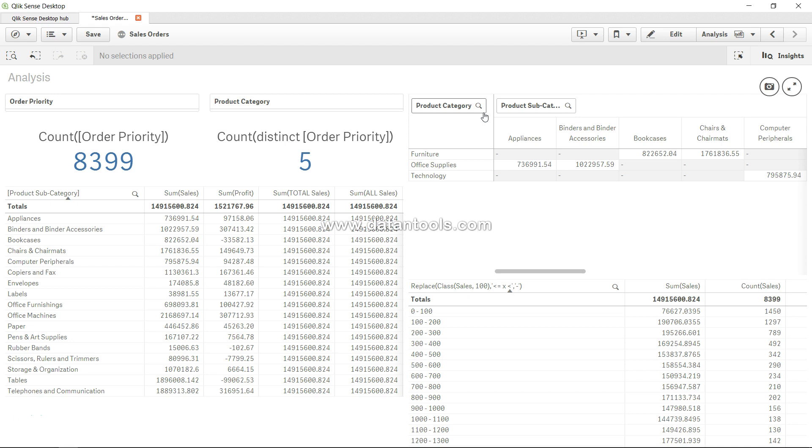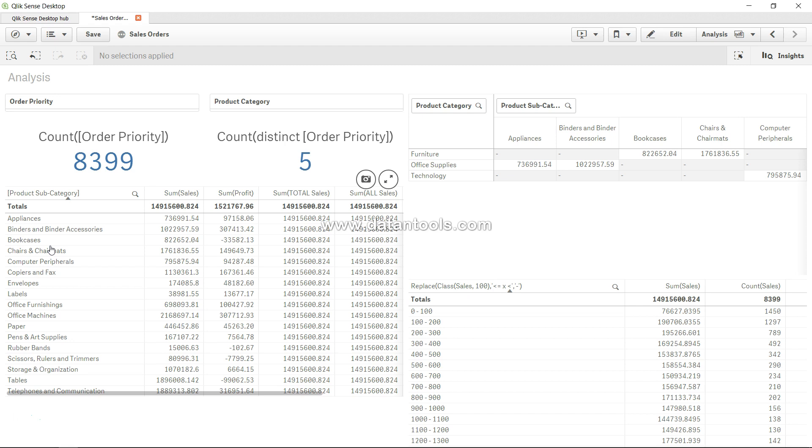The if statement helps you take logical decisions based on some condition. For example, we want to show the product subcategory only for those rows where discount is greater than 5%, or profit is greater than $1,000. In such scenarios where you want to evaluate a condition first and then show the result, you will use the if statement.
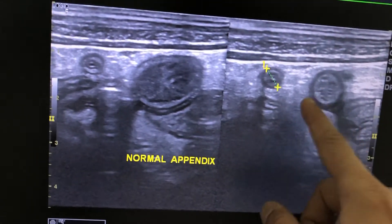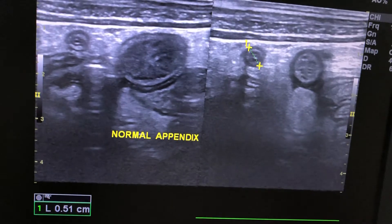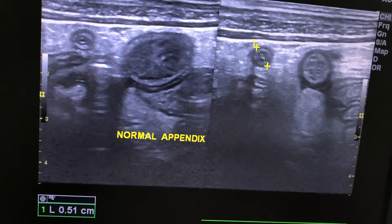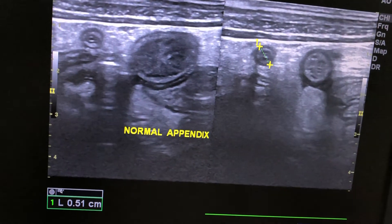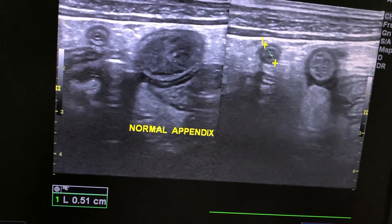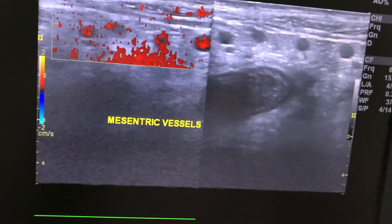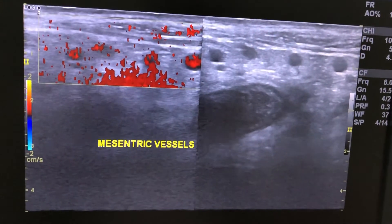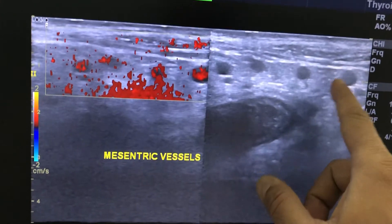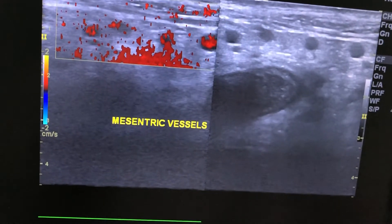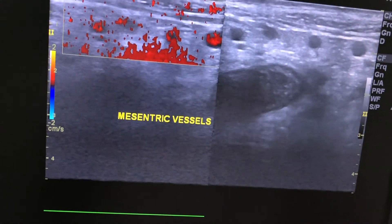This is a bowel loop, also covered with peri-enteric fat. These were some mesenteric vessels which were dilated, around 4 mm in size.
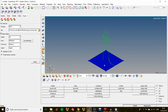That concludes our work for today. We have learned some of the basic tools for creating and editing lines in HyperMesh. There is still much more to know, so if you have any questions leave them in the comments, give it a thumbs up, and I'll see you in the next one.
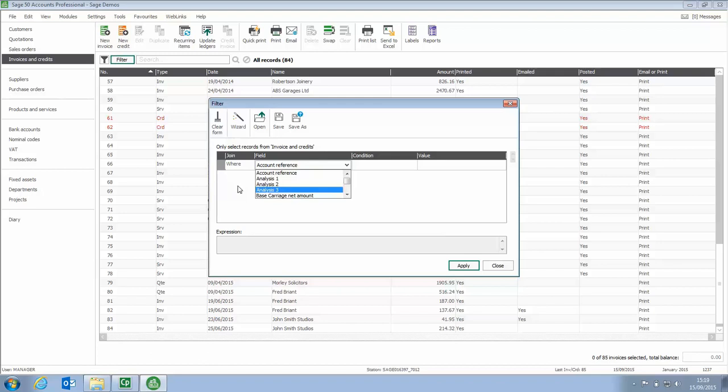So if we had say analysis 1 we've recorded where the customer had heard about the company and as long as it's entered consistently we can get that information and find the invoices that have been generated on the back of that.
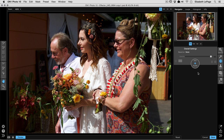Hey everybody, Liz LePage here. Today I'm going to be making a short clip video about how to edit photos that were shot in harsh lighting. This image is a great example — I had to shoot a wedding ceremony around two or three o'clock in the afternoon, and on a sunny day you end up with shadows like the ones you see here.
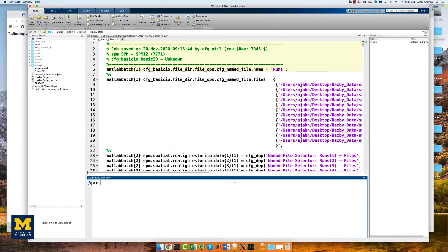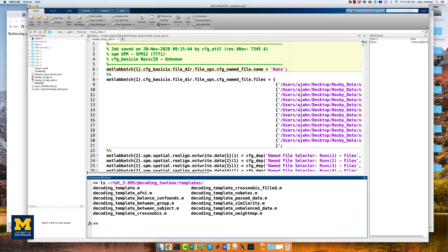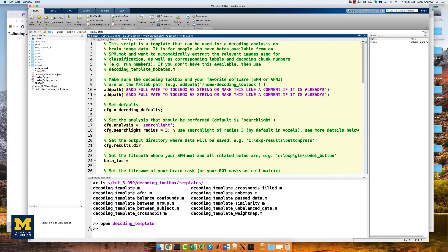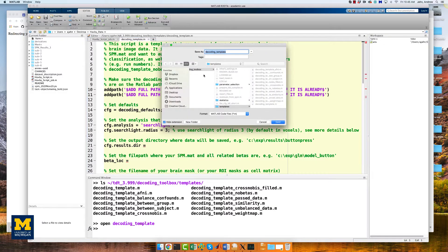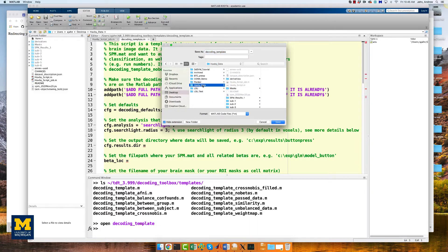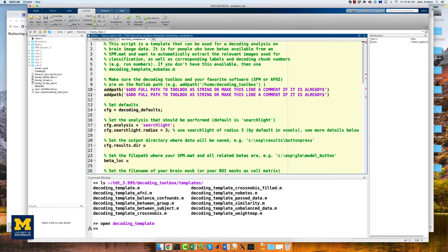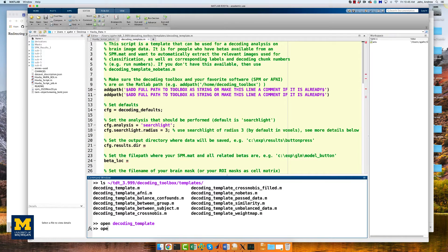The Decoding Toolbox contains many template scripts, which you can find in the TDT folder under Decoding Toolbox > Templates. For now, you will only need to modify one script: decoding_template.m. Open this file by typing 'open decoding_template' from the command line, which will display the file in the editor window. Using the editor tab, click Save > Save Copy As, and save it to the folder Haxby Data on your desktop, labeling it Haxby_MVPA_ROI. Then open this newly saved script from the command line by typing 'open Haxby_MVPA_ROI'.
◆ ◆ ◆ ◆ ◆ ◆ ◆
**Work instruction:**
Every line of the data above should be repeated exactly. Omit the pictures.

**The completed task:**
The if statement helps you take logical decisions based on some condition. For example, we want to show the product subcategory only for those rows where discount is greater than 5%, or profit is greater than $1,000. In such scenarios where you want to evaluate a condition first and then show the result, you will use the if statement.
This is a bowel loop, also covered with peri-enteric fat. These were some mesenteric vessels which were dilated, around 4 mm in size.
That concludes our work for today. We have learned some of the basic tools for creating and editing lines in HyperMesh. There is still much more to know, so if you have any questions leave them in the comments, give it a thumbs up, and I'll see you in the next one.
So if we had say analysis 1 we've recorded where the customer had heard about the company and as long as it's entered consistently we can get that information and find the invoices that have been generated on the back of that.
Hey everybody, Liz LePage here. Today I'm going to be making a short clip video about how to edit photos that were shot in harsh lighting. This image is a great example — I had to shoot a wedding ceremony around two or three o'clock in the afternoon, and on a sunny day you end up with shadows like the ones you see here.
The Decoding Toolbox contains many template scripts, which you can find in the TDT folder under Decoding Toolbox > Templates. For now, you will only need to modify one script: decoding_template.m. Open this file by typing 'open decoding_template' from the command line, which will display the file in the editor window. Using the editor tab, click Save > Save Copy As, and save it to the folder Haxby Data on your desktop, labeling it Haxby_MVPA_ROI. Then open this newly saved script from the command line by typing 'open Haxby_MVPA_ROI'.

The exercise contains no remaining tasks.